Très modeste, cette aide au fioul s’adressera à la moitié des maisons qui se chauffent au fioul (1,4 million) qui percevront chacune entre 100 et 200 euros (cumulé avec la maîtrise de l’énergie). Comme le tweete Andreas Rüdinger, chercheur à l’Iddri, « le prix du fioul a augmenté de 70 % par rapport à 2019. Avec une consommation annuelle comprise entre 2 000 et 3 000 litres pour un tamis thermique, cela fait donc augmenter la facture de 1 360 à 2 000 euros ». C’est à côté de la plaque.
Et le chercheur d’ajouter : « Cette aide ne peut avoir de sens que si nous lançons, en parallèle, un vaste programme d’accompagnement à la sortie du fioul pour ces maisons, en privilégiant des rénovations performantes »

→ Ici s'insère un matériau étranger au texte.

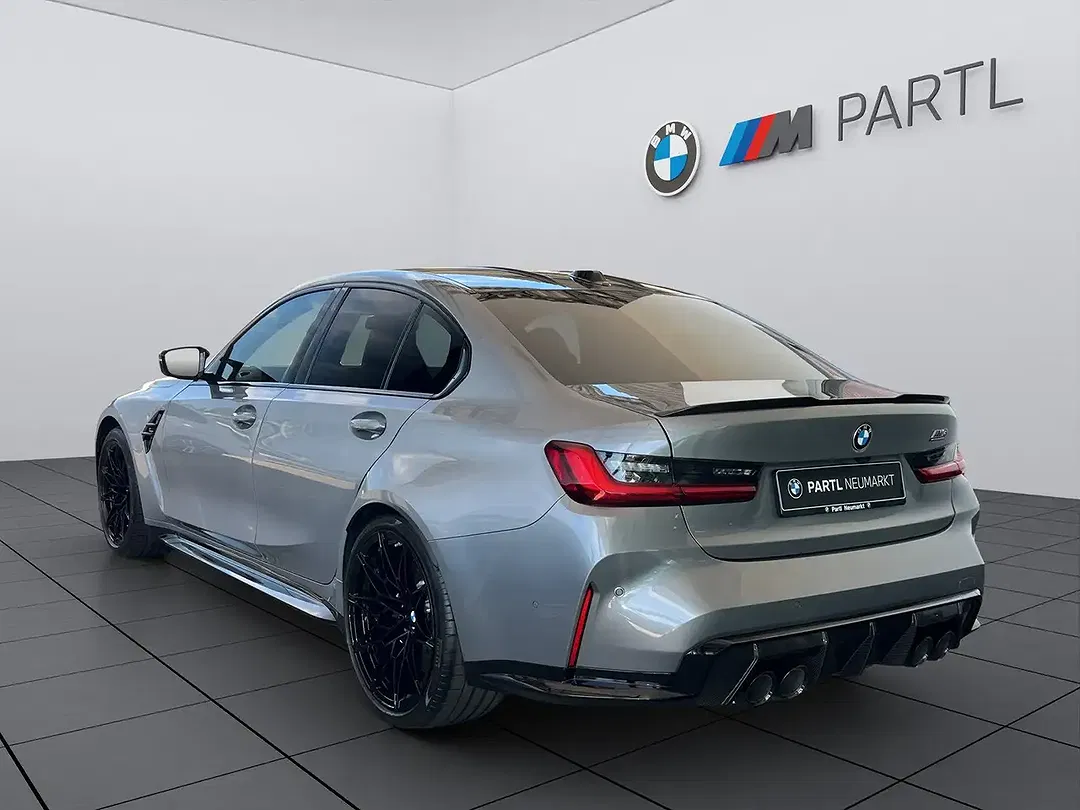 BMW M3 - Thumbnail 3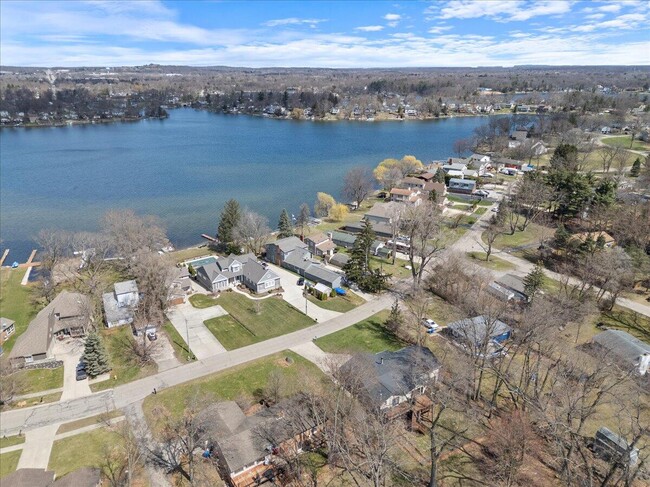 Building Photo - 4500 Island Park Dr
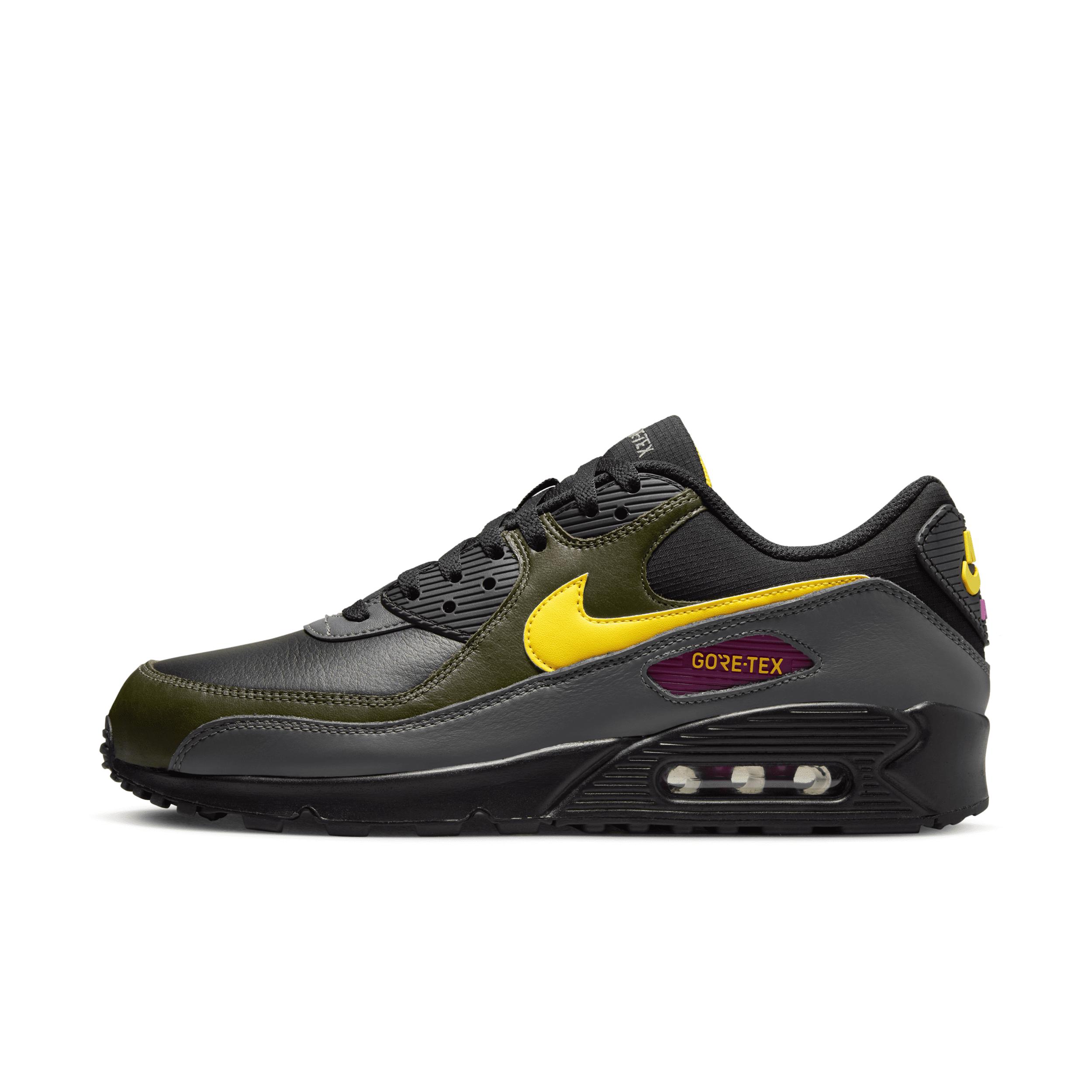 Nike Air Max 90 Gtx Shoes in Black for Men | Lyst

5/ Écologie : des organismes publics déplumés
Il n’y a pas que les glaciers qui fondent. Le nombre d’opérateurs publics en charge de l’écologie a aussi drastiquement diminué ces dernières années, indique un rapport de l’Institut d’économie du climat (I4CE) sur l’adaptation au réchauffement climatique.
En chiffres absolus, l’Office national des forêts (ONF) a perdu le plus d’agents. Le nombre d’emplois en équivalent temps plein (ETP) autorisés par les lois de finances a diminué de 1 074 entre 2014 et 2022, soit une réduction de 11 % de ses effectifs.
En proportion, Météo-France est le plus mal loti, avec une perte de 22 % de ses ETP, soit 662 agents de moins, entre 2014 et 2022. Il est suivi du Centre d’Etudes et d’Experts sur les risques, l’environnement, la mobilité et l’aménagement. (Cerema) avec -19% des effectifs, les agences de l’eau (-16%) puis l’Institut National de l’Information Géographique et Forestière (IGN) avec -12%.
Ces opérateurs publics nationaux sont chargés d’animer et de coordonner les nombreuses actions nécessaires à l’adaptation au réchauffement climatique. Cela nécessite des ressources, en particulier des ressources humaines, affirme le rapport. Les auteurs préconisent 2,3 milliards d’euros de dépenses annuelles supplémentaires, dont une petite partie doit être consacrée au renforcement des effectifs.
Les projets dans ce domaine sont en effet aussi nombreux que divers et complexes. Dans son rapport, I4CE donne quelques exemples : adaptation des bâtiments à des canicules plus longues, renforcement de la robustesse des infrastructures de transport ou d’énergie pour assurer la résilience dans un contexte de plus grande variabilité climatique, transformation des systèmes agricoles pour faire face à des sécheresses plus fréquentes, diversification des économies de montagne pour répondre à la réduction de l’enneigement, recomposition des côtes pour faire face à l’élévation du niveau de la mer, etc.
Alors que la sécheresse de 2022 a montré, s’il le fallait, la nécessité de s’adapter au réchauffement climatique, tout en intensifiant les efforts pour le limiter, le projet de loi de finances pour 2023 semble mettre fin à cette hémorragie dans la population active, sans toutefois prévoir de politiques ambitieuses.